Parents have been asking this question for centuries? Why does their sweet -butter would not melt in their mouth’ baby turn into a destructive, defiant and temper-throwing toddler? The answer is simple – the child’s brain is developing and they are seeing their world through different eyes. An eighteen-month old has no way of knowing what is right or wrong and no way of knowing what will hurt them and what is safe. The role of the parents is to educate their child and help them to grow.
A child who is throwing a temper tantrum in the middle of a store is not trying to cause a scene. They do not have the correct words to express themselves. To fully appreciate the frustration of a toddler, try to imagine yourself in a foreign country where nobody speaks your language. You are thirsty and you desperately want to quench your thirst. No matter how hard you try, you are unable to effectively communicate your needs and nobody can make heads or tails of what you want! It’s much the same for the toddler who is continually trying to figure out the big world and who is trying to communicate their needs in a world of adults who don’t speak their language.
Getting around the terrible twos
Parents cannot expect that their gorgeous infant will turn two and magically know what is expected of them. Parents must be willing to accept the fact that the Terrible Twos are not fiction and they are very real and their toddler will not become a happy, well-adjusted, well-mannered and responsible child if parents do not play their part.
The dreaded terrible twos are just as frustrating for the toddler as they are for their weary parents but parents must attempt to make the transition from infant to toddler as easy as possible. The golden rule of parenting toddlers is not to give in – ever! Once you give into their demands, you are setting a precedent that will continue. Don’t underestimate the stress of the stage and without a doubt, the terrible twos are demanding and challenging. Toddlers have an uncanny ability to sniff out any weakness and they’ll make demands when parents are at their weakest.

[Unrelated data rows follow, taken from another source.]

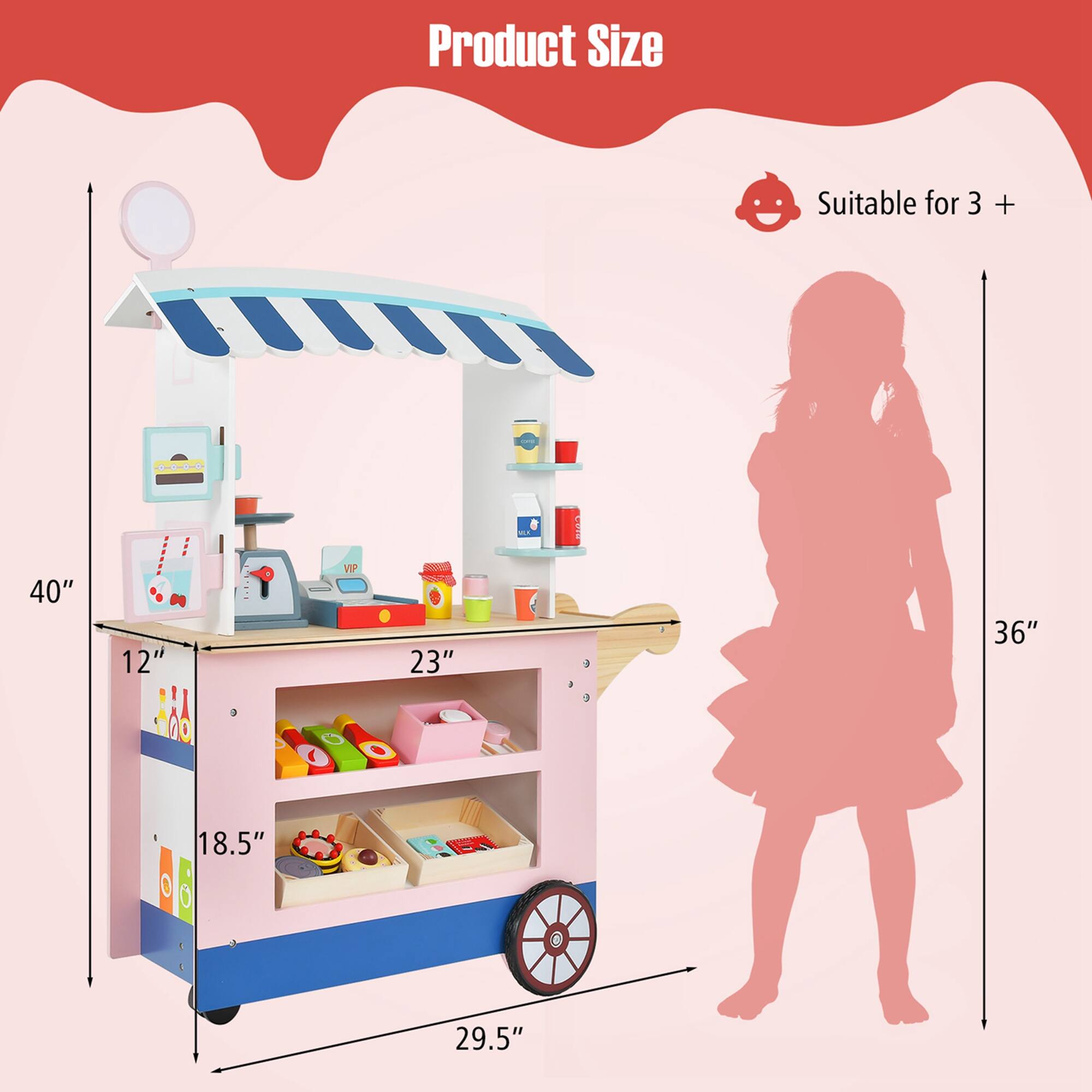 Product Size

Suitable for 3 +

40"  
12"  
23"  
18.5"  
29.5"  
36"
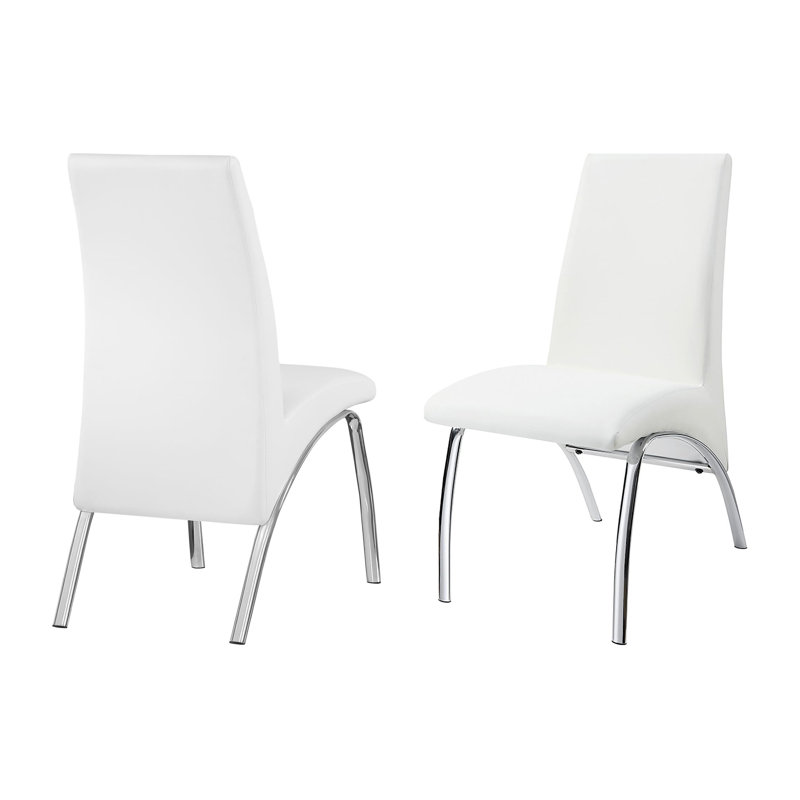 Chaises d'appoint rembourrées Jalna en blanc et argent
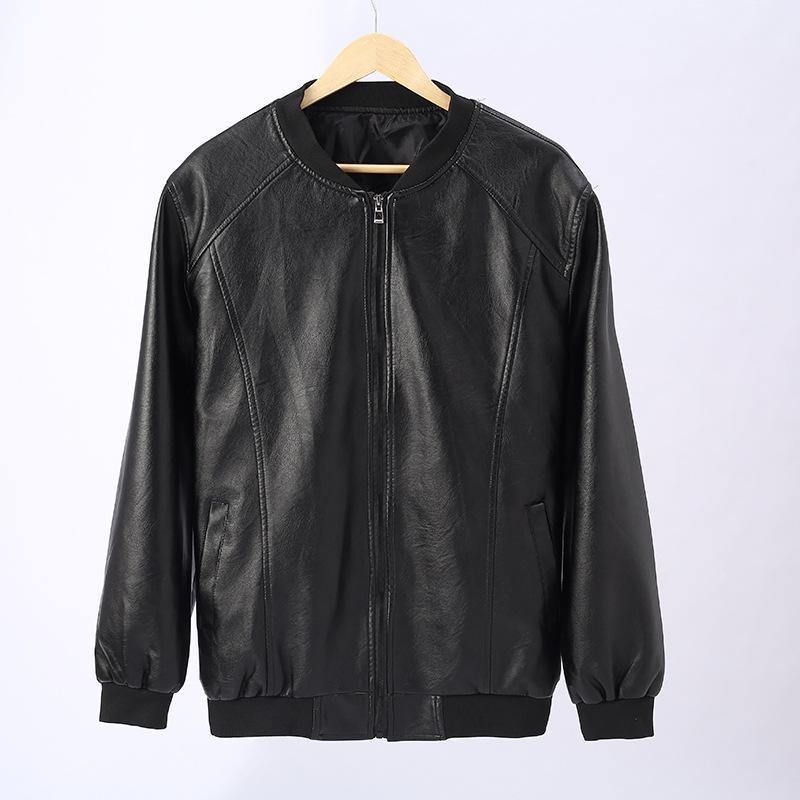 Chaqueta de cuero con cremallera para hombre - MXbueno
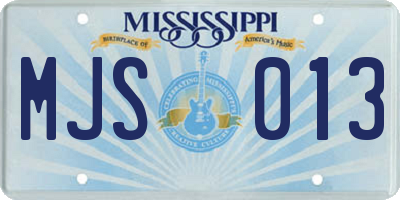 MS license plate MJS013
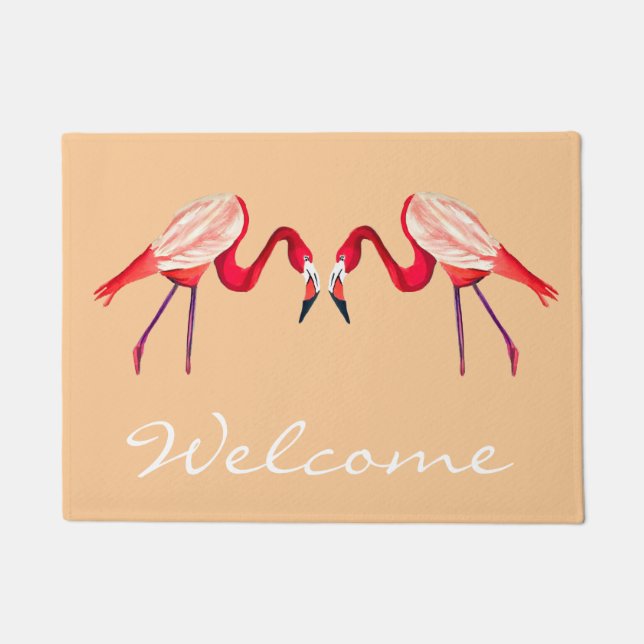 Paillasson L'art des oiseaux de Flamant rose rose amusant (Devant)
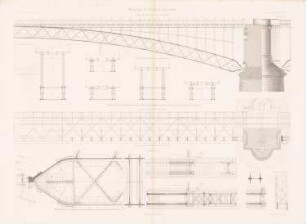 Rheinbrücke, Koblenz: Schnitte, Details (aus: Atlas zur Zeitschrift für Bauwesen, hrsg. v. F. Endell, Jg. 31, 1881)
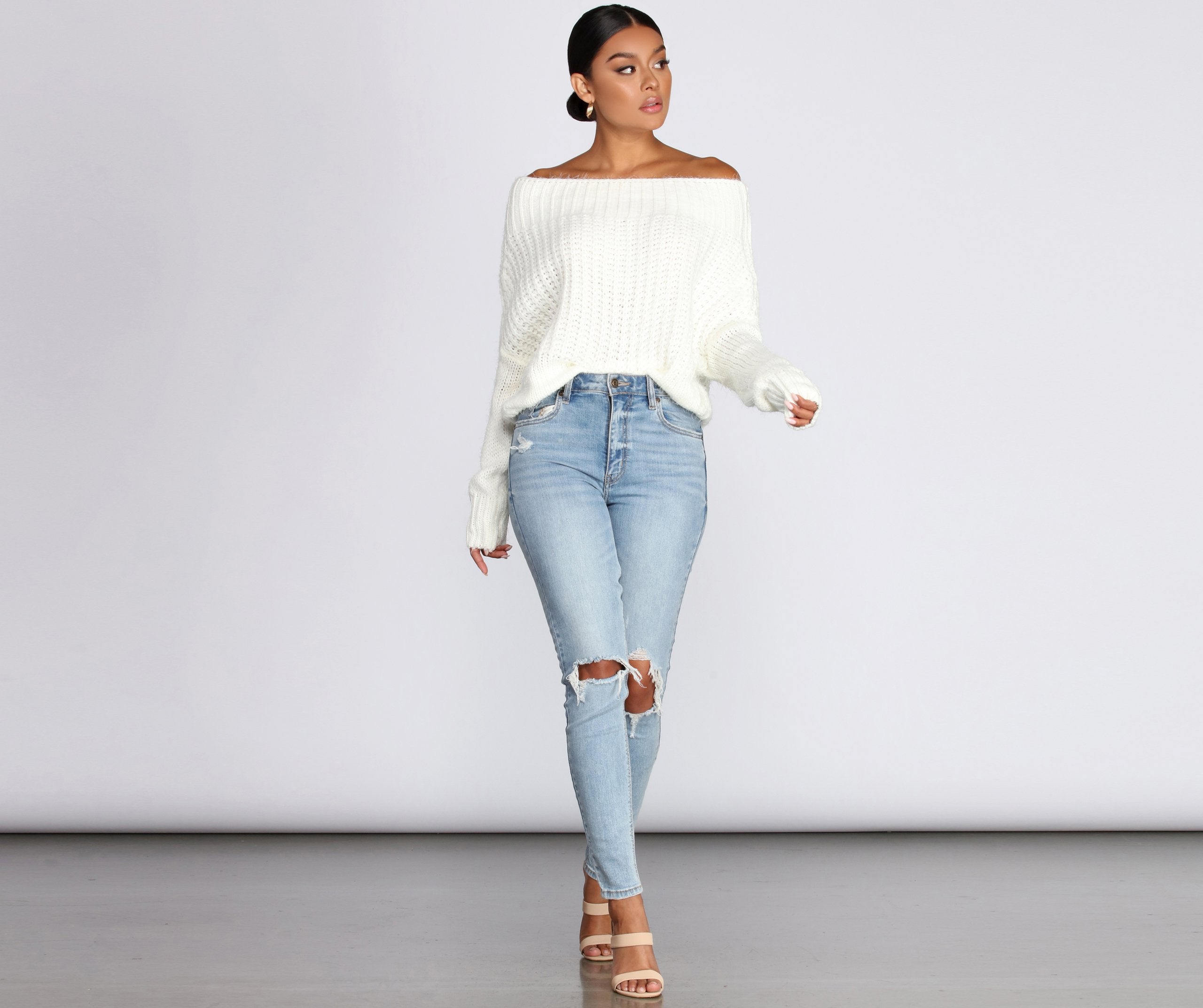 Knit Off Shoulder Sweater - Lady Occasions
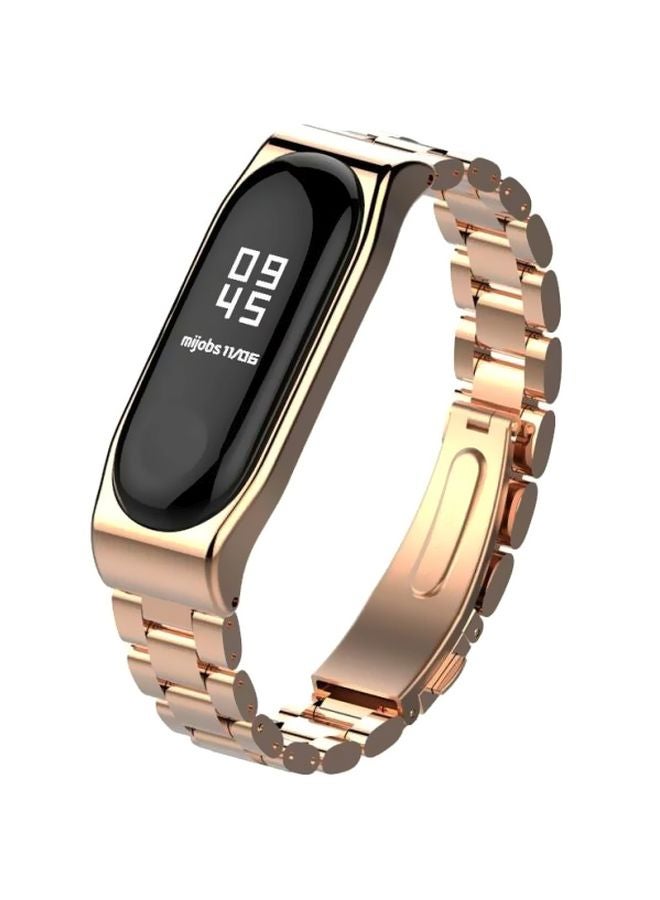 MIJOAS - Stainless Steel Replacement Band For Xiaomi Mi Band 3 Gold - Image 1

As with anything in life, being a parent to a toddler demands consistency and this means saying our own -NO! when needed. Not giving into the child throwing a tantrum in the middle of the shopping centre and basically taking the reins and showing the child (in no uncertain terms) that you are in charge!
Remember the most wilful of children are testing the waters and in their fight for independence, they want to see exactly what moms and dads will tolerate and what they won’t.
Tips for dealing with the dreaded Terrible Twos
- Establish a routine. With a routine in place the child will be given boundaries and will begin to understand what is accepted of them and what they can expect;
- Try to stay away from giving the toddler too many choices. The child is already confused and is trying to establish where and how they find into the world. If they are bombarded with endless choices, rather than just one or two – the toddler may become more frustrated.
- Walk away from temper tantrums and don’t give in! Look for positive ways that will help the child express themselves.
- Set limits and rules and follow through with them. Don’t bend the rules or give in because you don’t have the energy or you don’t want to disappoint the toddler. If you bend the rules once, you are again setting the wrong example and your smart and independent toddler will not forget.